Não podemos construir uma sociedade civilizada se levarmos a cabo este pensamento.

Cioran, apesar do seu pessimismo radical, queria nos mostrar que as ideias absolutistas, que remetem à totalidade, possuem a raiz do totalitarismo e, por conseguinte, do fanatismo.

As palavras, tanto para o romeno quanto para Nietzsche, são animadas pelo homem, a fim de dar sentido àquilo que não tem significado senão para a posse humana.

As ideias, por sua vez, sobretudo as políticas, têm o agravante de mexer com a vida do indivíduo. Elas invadem o íntimo inviolável que é a liberdade de cada um.

Quando compactuamos com pretensas “verdades universais”, omitimos as diferenças particulares. Estas são inerentes ao conjunto de coisas que abarcamos dentro dessas “verdades”.

Nietzsche chama esse recurso de universalização de “igualar os não iguais”, no seu Verdade e mentira num sentido extramoral. Dessa forma, as diferenças são ofuscadas.

Quando o diferente é ignorado, em prol de um universal, o engano se faz presente, devido a um julgamento que não leva em conta as particularidades.

Quando universalizamos a sociedade, com seus indivíduos, em função de um pensamento político “totalitário”, caímos na armadilha de excluirmos desta mesma sociedade aqueles “pequenos casos verídicos”, assim chamados por Merleau-Ponty em Sobre as notícias do cotidiano.

Estes pequenos casos verídicos são aqueles da vida cotidiana de cada um: suas dificuldades, seu trabalho, sua vida doméstica, seu salário, suas condições financeiras, étnicas, raciais etc.

A vida cotidiana de cada um é o que há de mais verdadeiro dentro de um generalismo de ideias. Este último é apenas um emblema que encobre as verdades mais básicas da existência humana.

Os absolutismos só servem enquanto manobra de poder, mas que pouca ou nenhuma usabilidade têm no interior da vida individual ou de grupos, com seus detalhes que requerem ser vivenciados a seus modos.

Para terminar, vale ressaltar o que Cioran expõe. Para ele, os espertos, velhacos e farsantes, não acreditando em nada e não vasculhando nossos corações, salvam os povos que os fanáticos e os “idealistas” arruínam pelo despotismo dos princípios.

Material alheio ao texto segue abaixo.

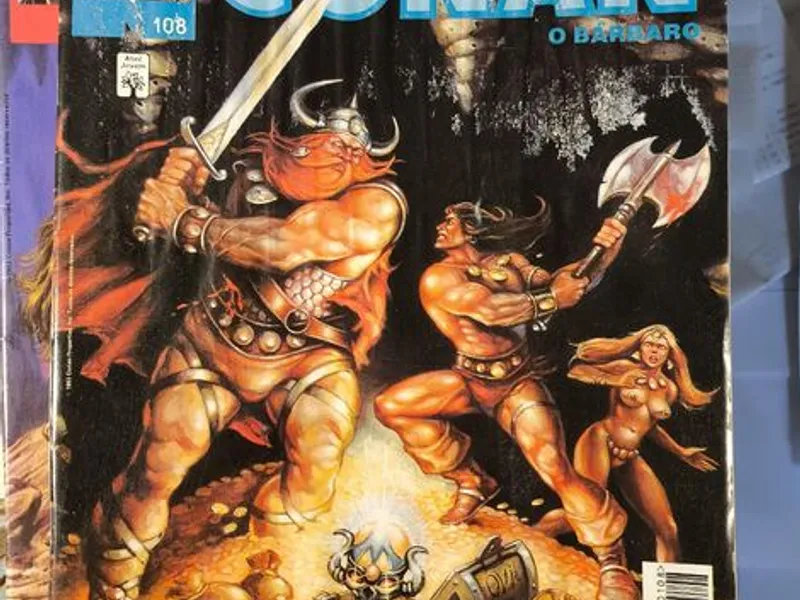 A Espada Selvagem de Conan (77 vols)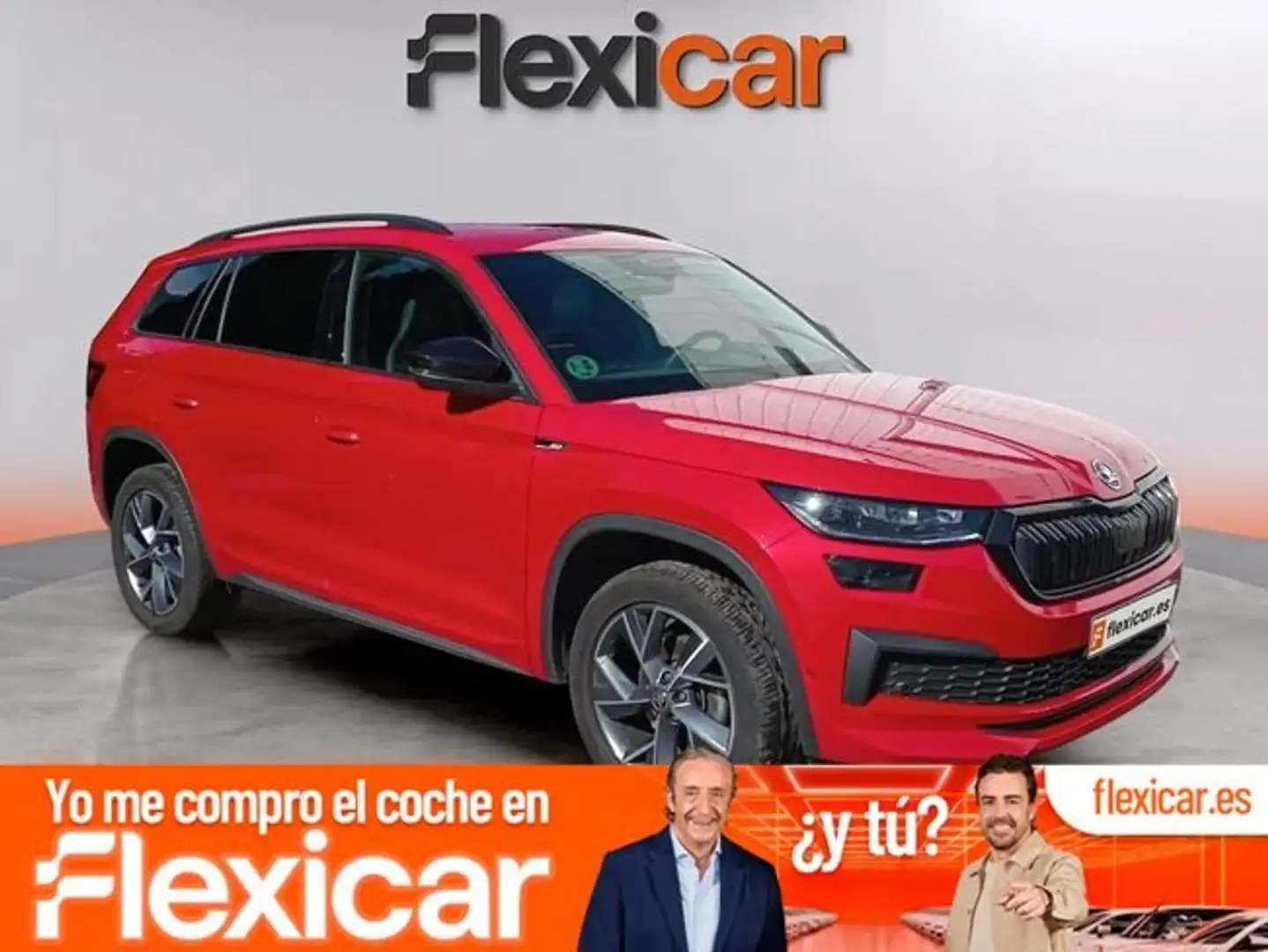 Skoda Kodiaq 1.5TSI m-HEV Sportline 4x2 DSG 110kW Rojo - 1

Em outras palavras, o mundo é sempre este incerto. A existência humana se constrói a cada situação a ela imposta. A vida do homem é constituída sobre as fundações de sua liberdade, nada havendo acima ou atrás dele que sopre ao ouvido dizendo o que fazer de cabo a rabo de seu viver.

Os ideais, portanto, refletem um homem que não existe: aquele ser supremo que a metafísica clássica e a religião elevaram. Esquecem o cotidiano, a vida vivida, as ânsias animalescas e as sensações pré-humanas.